• **WHAT THE TASK REQUIRES**
In the records below, the lines from the one with "Canvas and wooden" through the last are to be printed exactly, and nothing else.

• **DATASET EXCERPTS**
────────────────

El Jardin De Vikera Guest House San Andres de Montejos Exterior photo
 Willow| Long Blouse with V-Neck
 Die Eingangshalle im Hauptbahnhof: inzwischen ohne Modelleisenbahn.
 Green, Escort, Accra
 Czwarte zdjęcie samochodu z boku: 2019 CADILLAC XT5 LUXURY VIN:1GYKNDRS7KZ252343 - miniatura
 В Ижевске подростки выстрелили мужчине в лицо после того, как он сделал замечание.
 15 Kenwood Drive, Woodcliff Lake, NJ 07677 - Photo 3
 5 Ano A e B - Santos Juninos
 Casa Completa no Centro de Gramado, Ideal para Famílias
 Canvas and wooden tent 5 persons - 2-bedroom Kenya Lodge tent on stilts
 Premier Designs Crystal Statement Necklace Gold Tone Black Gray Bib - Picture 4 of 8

────────────────

• **FINAL ANSWER**
 Canvas and wooden tent 5 persons - 2-bedroom Kenya Lodge tent on stilts
 Premier Designs Crystal Statement Necklace Gold Tone Black Gray Bib - Picture 4 of 8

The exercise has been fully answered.